● **Exercise data**
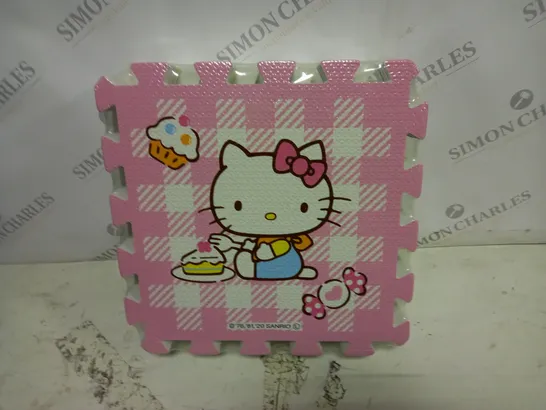 SEALED HELLO KITTY FLOOR MAT 9-PACK - APPROX 30X30CM TILES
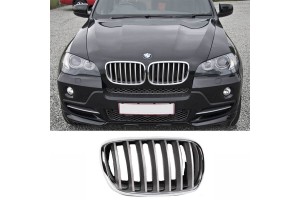 Καρδιά Μάσκας Δεξιά Για Bmw X5 E70 07-13 / X6 E71 08-14 Χρώμιο/Ασημί 1 Τεμάχιο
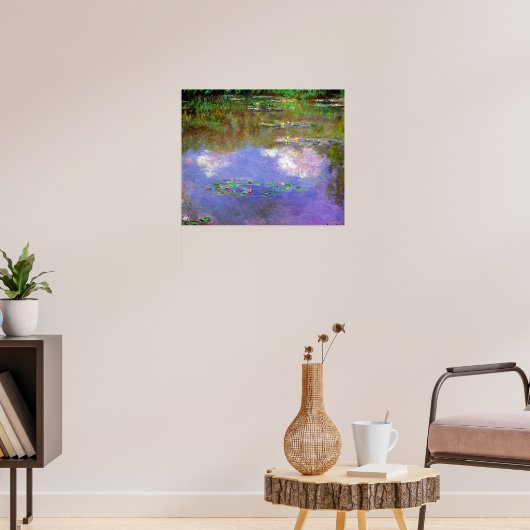 Poster Nymphéas, Les Nuages, (Salon 3)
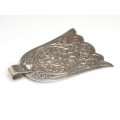 Veche amuletă Khamsa - Hamesh | manufactură în argint | Essaouira - Maroc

● **Task instructions**
The required output is each line above restated verbatim, with all images omitted.

● **Exercise response**
 SEALED HELLO KITTY FLOOR MAT 9-PACK - APPROX 30X30CM TILES
 Καρδιά Μάσκας Δεξιά Για Bmw X5 E70 07-13 / X6 E71 08-14 Χρώμιο/Ασημί 1 Τεμάχιο
 Poster Nymphéas, Les Nuages, (Salon 3)
 Veche amuletă Khamsa - Hamesh | manufactură în argint | Essaouira - Maroc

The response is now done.